So concentration has increased for good reasons and for bad reasons. In some sectors, the balance of these is more ambiguous. Take the tech sector: you have seen a lot of innovation, but you also have platforms with network effects that lend themselves to scale. That might imply that it is efficient to have a single producer at scale. It is also efficient to have a single municipal water company, but that does not mean we would want to let it go off and charge whatever it wanted to charge.

We certainly would not want to regulate technology the same way we regulate municipal water. It is much more complicated, and it is an issue that I am currently looking at as head of the Digital Competition Expert Panel for the UK government.

In general, these sectoral examples are just about motivating us to try and understand the combination of good and bad reasons that concentration has increased, and what its implications are.

Why Do We Care That Concentration Has Increased?

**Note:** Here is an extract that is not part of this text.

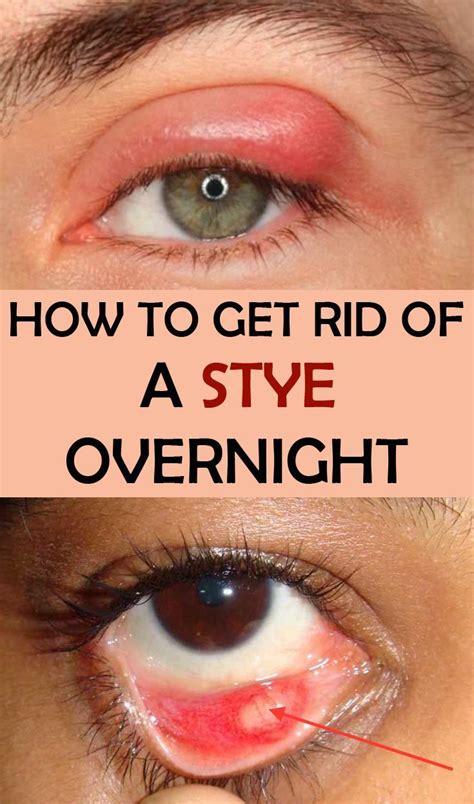 How To Get Rid Of A Stye Overnight Beauty Eye Stye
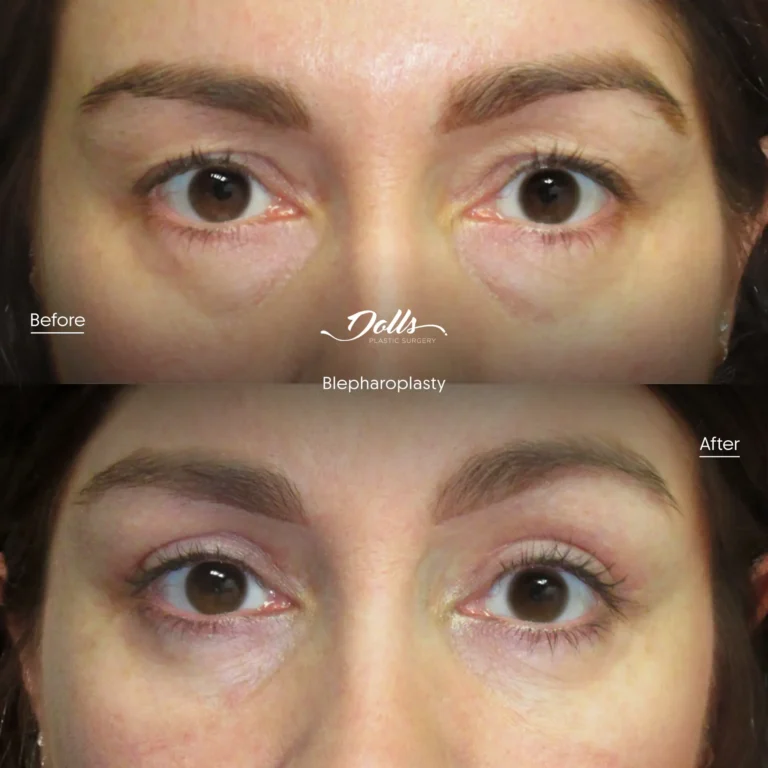 Blepharoplasty 14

Traditionally in industrial organization we are focused on prices, whether concentration drives prices higher. That issue matters. Airline prices and cell phone bills are higher in the United States than they are in Europe because European competition enforcers have been more vigorous (Faccio and Zingales 2017). The price issue is important. But in the parlance of economics, it is about triangles of deadweight loss and these usually are not huge.

The price issue may be a lot smaller than some of the other issues I started with. One is innovation: what increased concentration does to the incentives for business investment, for research and development, for productivity growth. There is a longstanding debate in economics between the views of Kenneth Arrow and Jospeh Schumpeter about the impact of competition on innovation, but there is a number of ways in which less competition could be deleterious—with fewer upstarts innovating to challenge larger businesses and larger businesses less on their toes due to lack of competition.

And then, finally, inequality. At the same time that there has been this increased thinking about these types of macro issues in competition, there also has been a similar effort in labor markets, as well. That is grounded in the observation that every employment relationship has a bit of monopoly power and a bit of rent that is being divided between the two parties because there is a cost of finding a new job or new employee. So market power matters a lot.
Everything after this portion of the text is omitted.